Who We Must Not Be

In the life of the church, there are a lot of things we want to get right. We want to be doctrinally sound. We must be biblical. We want to honor the Lord in our worship and with our lives. We certainly want to stand against error and sin.

But there is a failing that we can run into if we sharpen ourselves to oppose the wrong without also being made gentle by the grace of God. I think that error is something Jesus condemns the religious leadership of his day for in Matthew 23.

Matthew 23:4 – They tie up heavy burdens, hard to bear, and lay them on people’s shoulders, but they themselves are not willing to move them with their finger. 

This is who we do not want to be. There are Christians who are great at burdening other people. Many of us are wonderful at telling you what you must not believe or what you must not do. Many of us are great at piling on other people guilt and man-made standards of righteousness. And when we do it, we often do so because we think we are helping the ministry by smacking others with the truth.

But the Savior does not seem to love the idea of loading people down with burdens if you are not also getting under that burden with them to help them move along. That kind of religion is not Christianity. True, biblical, Christ-honoring faith is a faith that will most certainly call people to faith and repentance and obedience to the word of God. But true Christianity is also a faith in which we love one another as brothers and sisters in Christ and where we all know that we are in this life together on purpose.

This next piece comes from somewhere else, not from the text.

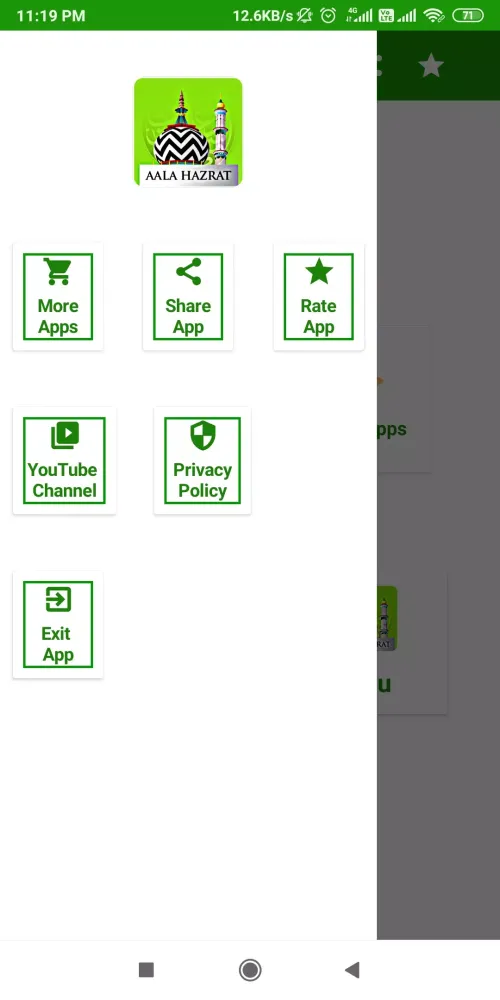 Aala Hazrat se Sawal Jawab Screenshots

Christianity should include a relationship of fellowship, mutual edification, and progressive sanctification. You most certainly should help me know when I’m messing up or missing the point. I most certainly should call you away from error and toward truth. But in our lives, we should also be walking together, side-by-side, helping each other toward that faithfulness. I do not help you if all I do is smack you with the truth and walk away from you without helping you. You do not help me if you tell me all that I should be that I am not, but then you do not actually come help me become what God wants me to be. This is why Christianity is lived out in the local church and not solely on the Internet. We need each other. We need to be in each other’s lives. May we learn to press forward with truth, but never to press without grace too.